*Record extracts*.
....

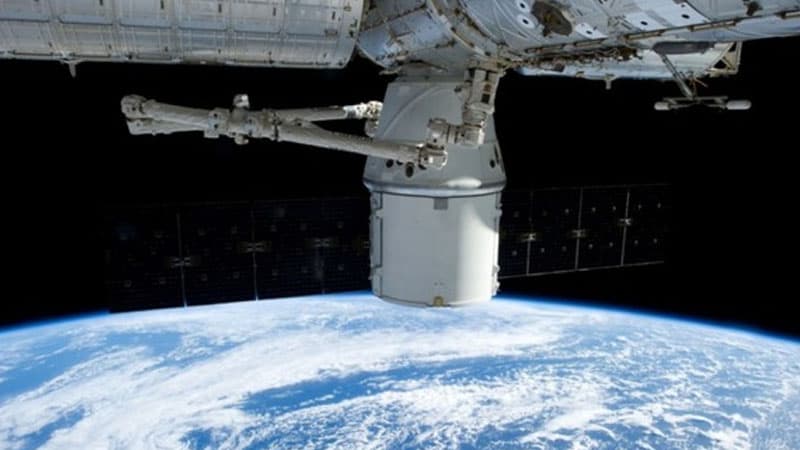Çin kosmonavtları ilk dəfə açıq kosmosa çıxdı (FOTO/VİDEO)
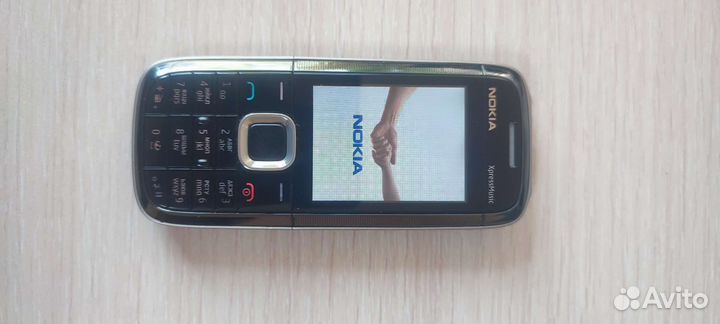 Кнопочный телефон Nokia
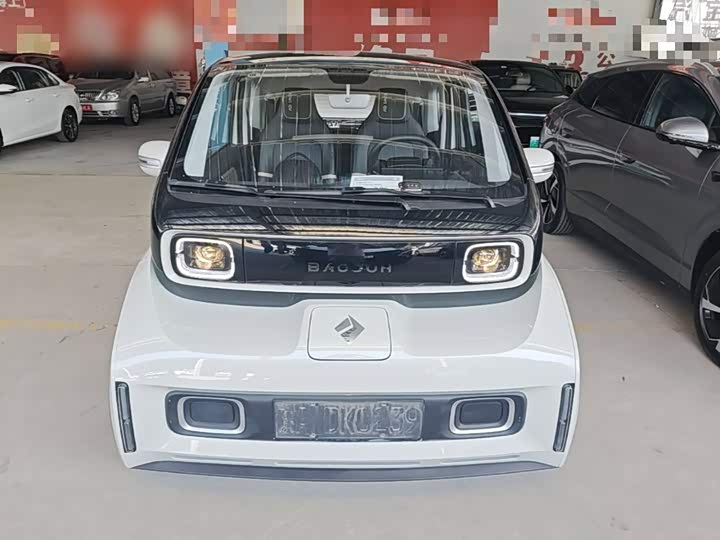 Baojun KiWi EV, 2022 — фото 3 из 9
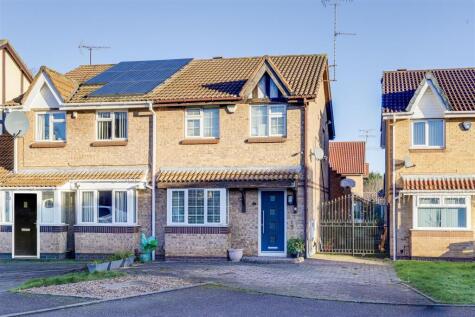 Oval Gardens, Aspley, Nottinghamshire, NG8 5AN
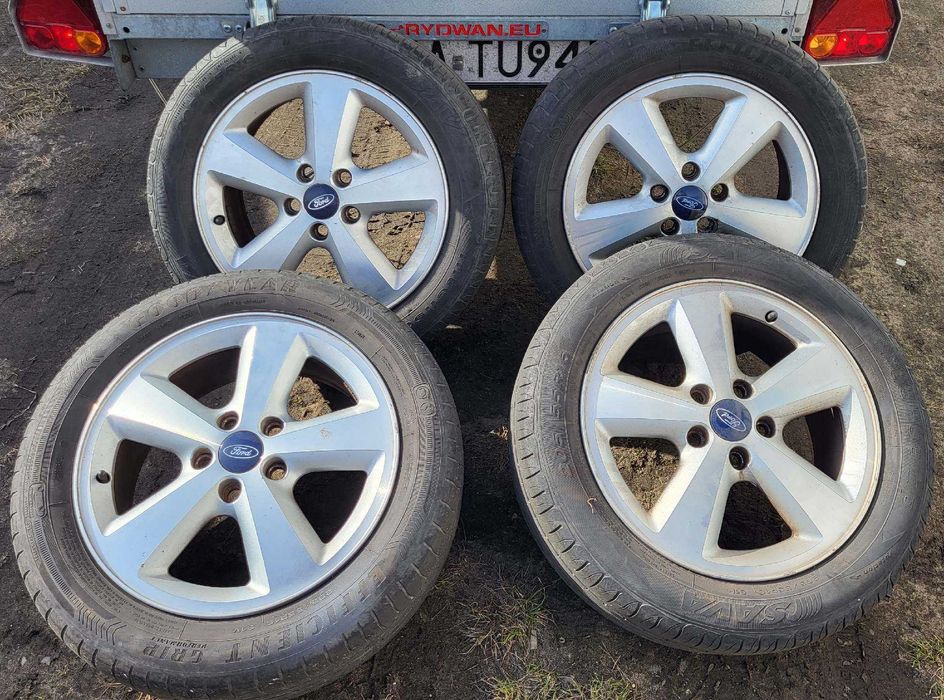 Koła  letnie 205/55 R16 felgi ALU oryginalne FORD (np Focus MK2)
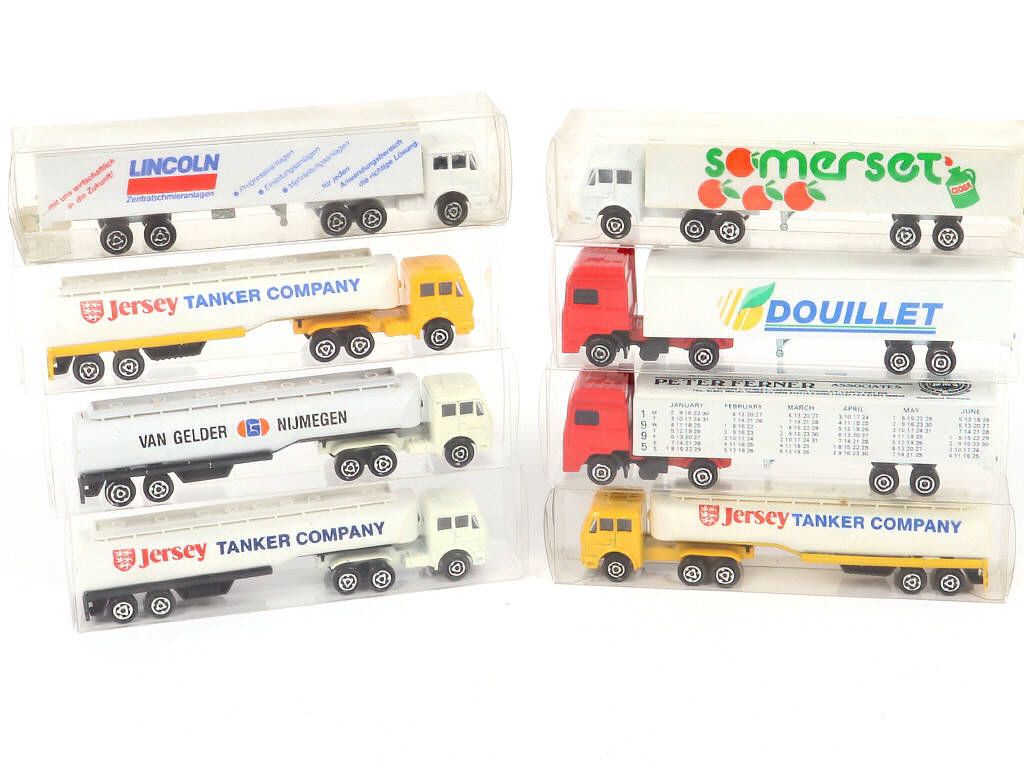 Lot 230 - MAJORETTE (FRANCE) (8)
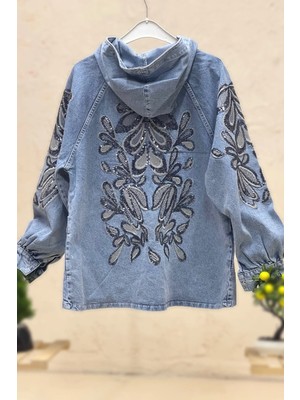 Sahnemoda Kapşonlu Kol ve Sırt Pullu Nakışlı Kot Ceket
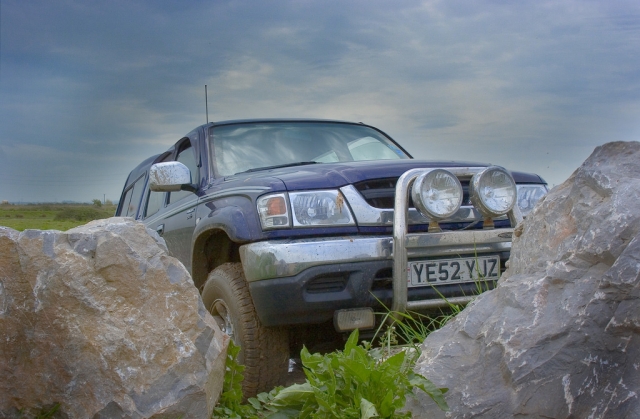  ¡Experiencia de adrenalina con velocidad, giros y saltos!  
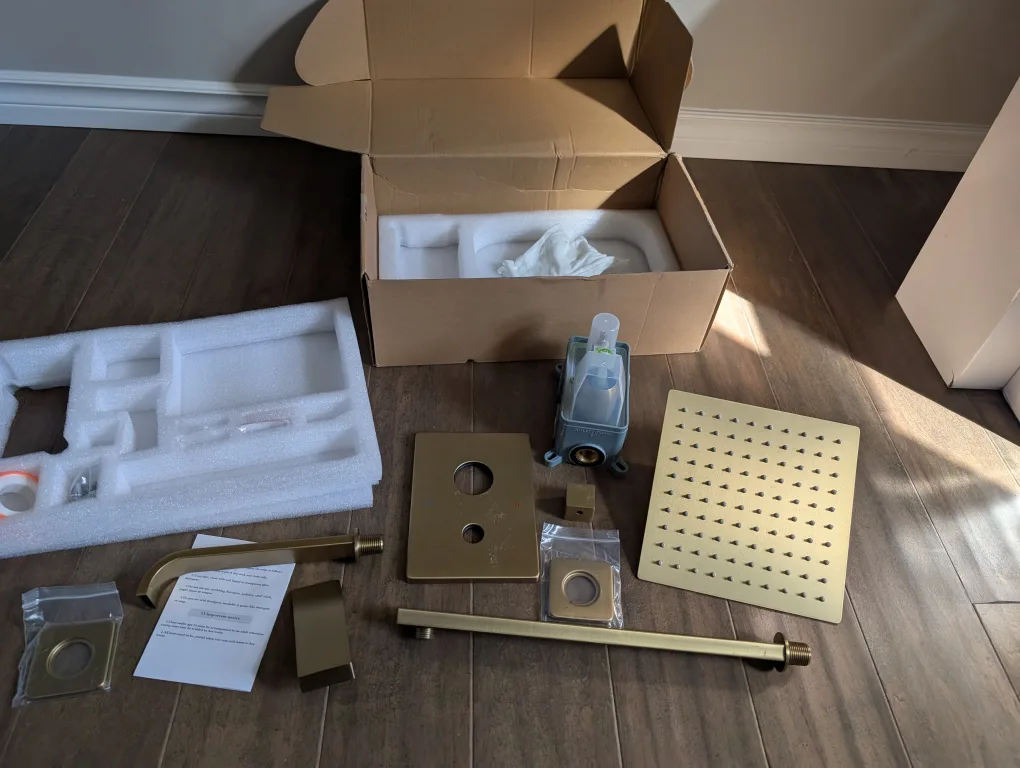 Brand New Gold Rainfall Shower Tub Kit For Sale image indicator(3)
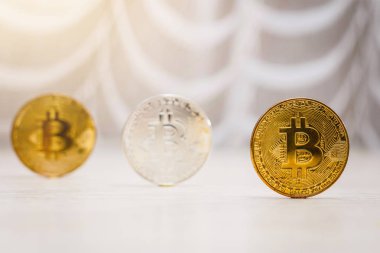 Cryptocurrency fiziksel Bitcoin paralar pembe mavi ve sarı renkli 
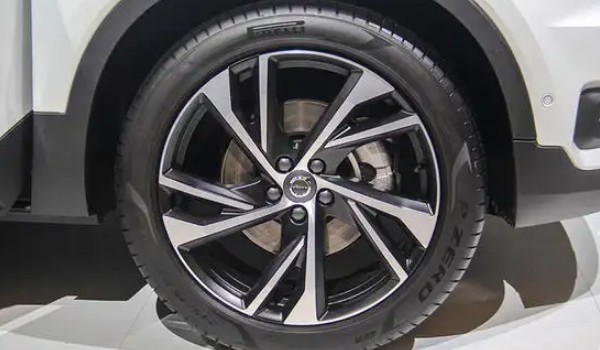 沃爾沃xc40輪胎型號(hào)是什么 輪胎型號(hào)235/50 r19(倍耐力輪胎)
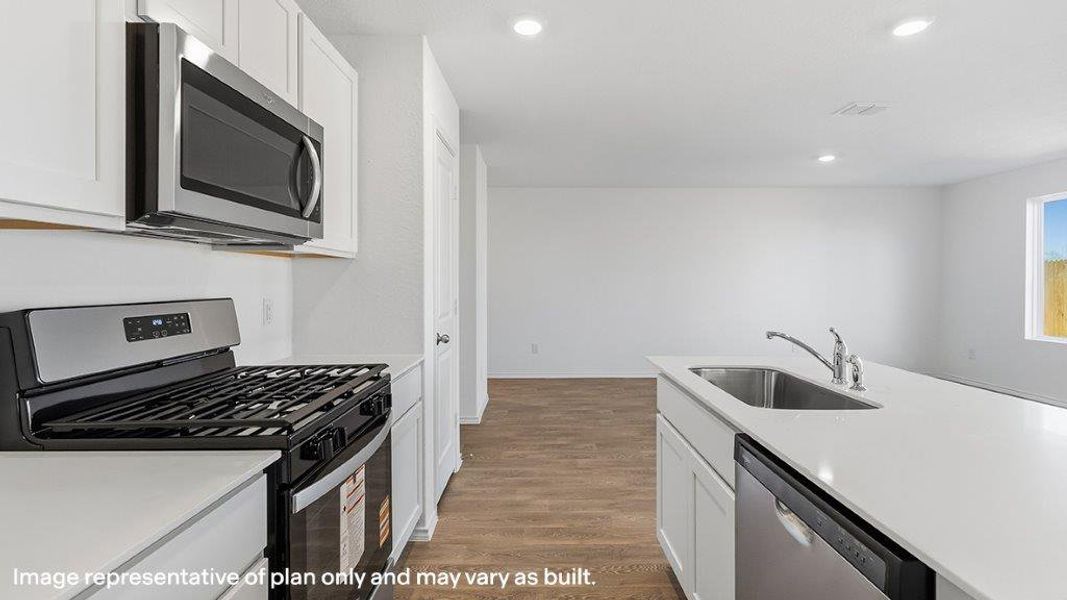Furnished interior view inside a new home in Blue Ridge Ranch, San Antonio (Image 9). Furnished interior view inside a new home in Blue Ridge Ranch, San Antonio (Image 9).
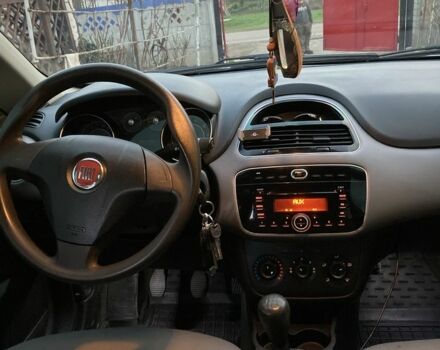 Белый Фиат Линеа, объемом двигателя 1.2 л и пробегом 130 тыс. км за 3500 $, фото 6 на Automoto.ua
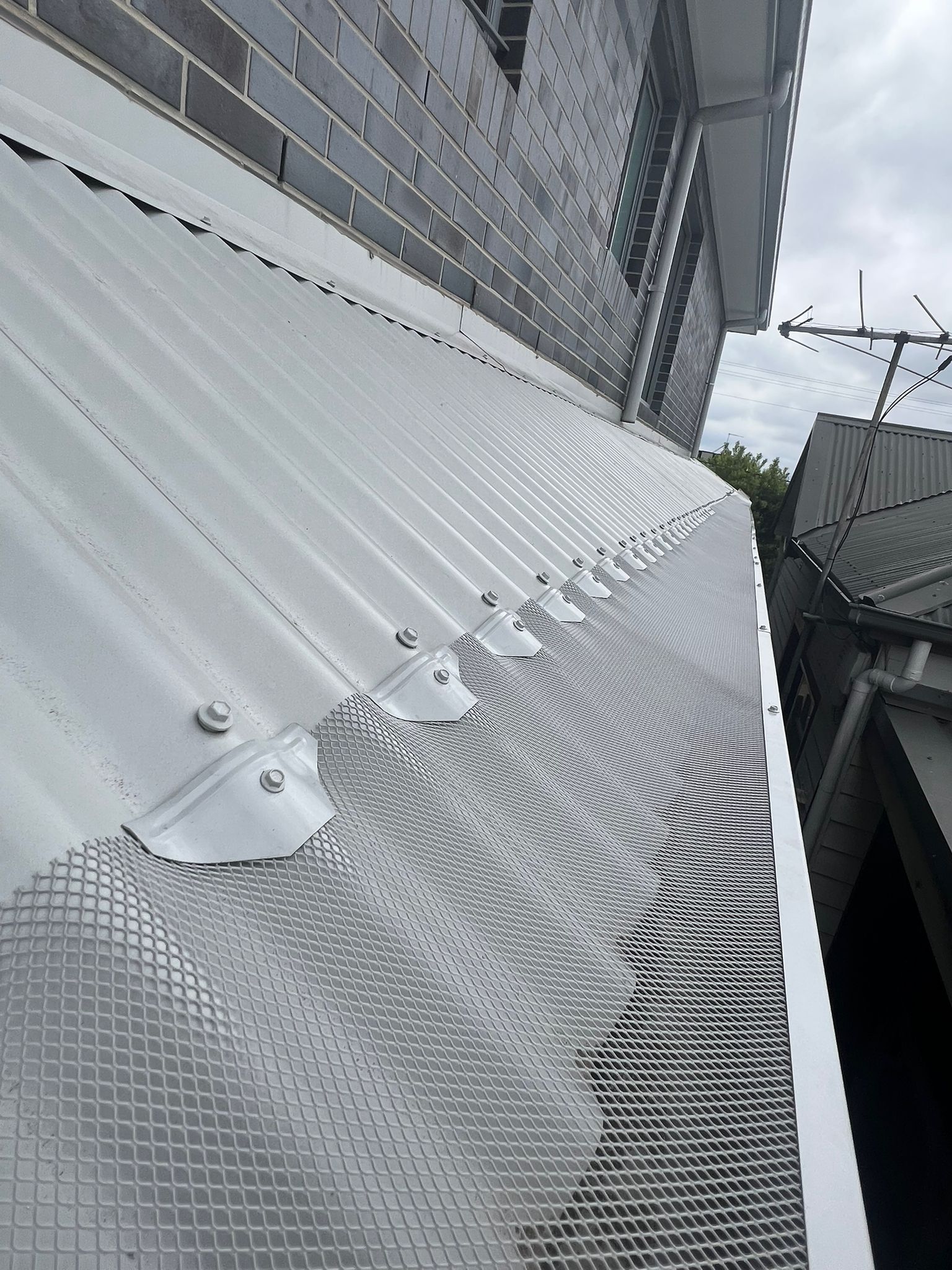 Shale Grey Colorbond Roof Gutter Guard Installation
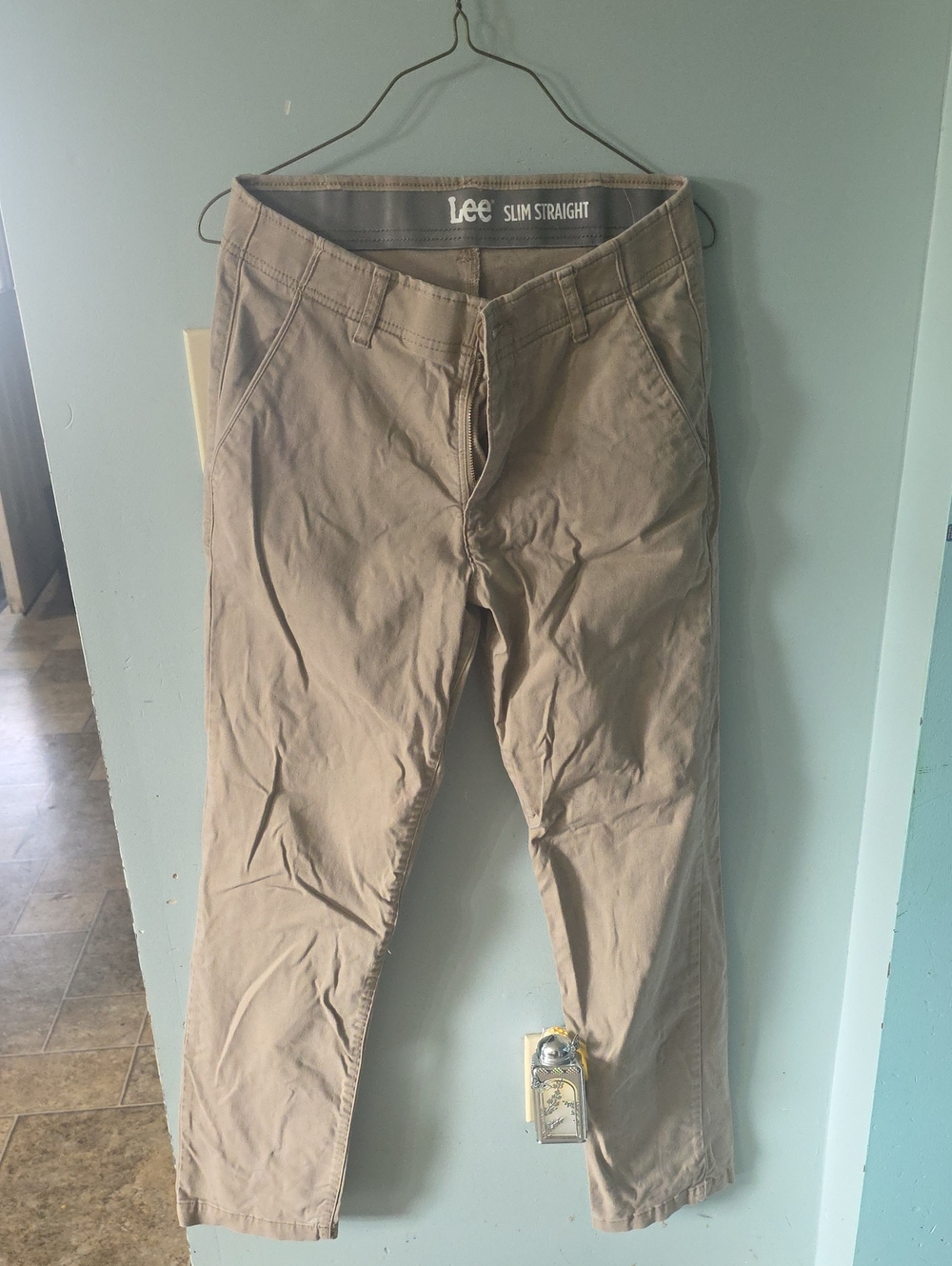 Lee Slim Straight Chinos in Tan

....

*Problem details*.
Exactly as written, return every line of the listing, but not the pictures.

*Your response*.
Çin kosmonavtları ilk dəfə açıq kosmosa çıxdı (FOTO/VİDEO)
 Кнопочный телефон Nokia
 Baojun KiWi EV, 2022 — фото 3 из 9
 Oval Gardens, Aspley, Nottinghamshire, NG8 5AN
 Koła  letnie 205/55 R16 felgi ALU oryginalne FORD (np Focus MK2)
 Lot 230 - MAJORETTE (FRANCE) (8)
 Sahnemoda Kapşonlu Kol ve Sırt Pullu Nakışlı Kot Ceket
  ¡Experiencia de adrenalina con velocidad, giros y saltos!  
 Brand New Gold Rainfall Shower Tub Kit For Sale image indicator(3)
 Cryptocurrency fiziksel Bitcoin paralar pembe mavi ve sarı renkli 
 沃爾沃xc40輪胎型號(hào)是什么 輪胎型號(hào)235/50 r19(倍耐力輪胎)
Furnished interior view inside a new home in Blue Ridge Ranch, San Antonio (Image 9). Furnished interior view inside a new home in Blue Ridge Ranch, San Antonio (Image 9).
 Белый Фиат Линеа, объемом двигателя 1.2 л и пробегом 130 тыс. км за 3500 $, фото 6 на Automoto.ua
 Shale Grey Colorbond Roof Gutter Guard Installation
 Lee Slim Straight Chinos in Tan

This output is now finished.